COREPER rechaza el texto del proyecto del Reglamento e-privacy

Con fecha 22 de noviembre de 2019 el Comité de Representantes Permanentes de los Gobiernos de los Estados Miembros de la Unión Europea (COREPER) ha rechazado el texto del proyecto del Reglamento e-privacy sobre el respeto de la vida privada y la protección de los datos personales en el sector de las comunicaciones electrónicas.

La UE, que pretendía aplicar al unísono del Reglamento General de Protección de Datos (RGPD) y el Reglamento e-privacy, deja en suspenso la armonización legislativa necesaria para la conformación del Mercado Único Digital europeo.

Tras más de dos años de negociaciones el Consejo Europeo se rechazado su propio texto, posicionándose, por el momento, del lado de la industria ante una propuesta de Reglamento que colisiona con el modelo de negocio de no pocas compañías tecnológicas.

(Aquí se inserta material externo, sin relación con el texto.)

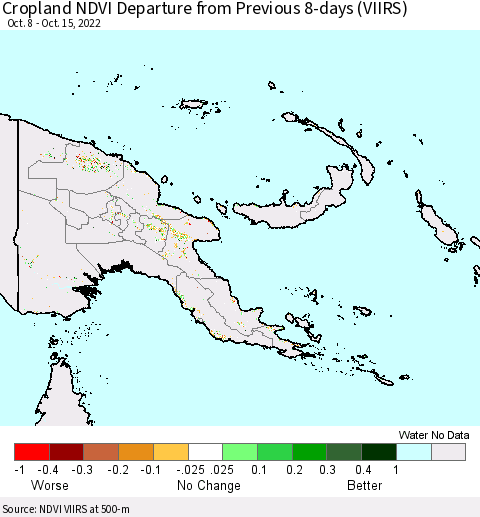Papua New Guinea Cropland NDVI Departure from Previous 8-days (VIIRS) Thematic Map For 10/8/2022 - 10/15/2022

Se queda, por tanto, a la espera de que la Comisión retire la propuesta o de que, tras la asunción de la presidencia el próximo 1 de enero por parte de Croacia, se determine si se estima oportuno retomar las negociaciones en un escenario en el que la UE debería posicionarse antes de buscar un consenso con la Comisión y el Parlamento.

La propuesta del Reglamento e-privacy surge como consecuencia de la evolución tecnológica habida desde 2009, año en que se revisó la Directiva 2002/58/CE sobre la privacidad y las comunicaciones electrónicas, al ponerse de manifiesto la necesidad de dotar de seguridad jurídica el tratamiento de datos de consumidores y empresas que hacen uso de los servicios en línea que permiten las comunicaciones interpersonales, conocidos como servicios OTT (Over-the-Top): voz sobre IP como Skype, mensajería instantánea como Whatsapp y correo electrónico; así como la protección contra el seguimiento de los hábitos los usuarios en línea.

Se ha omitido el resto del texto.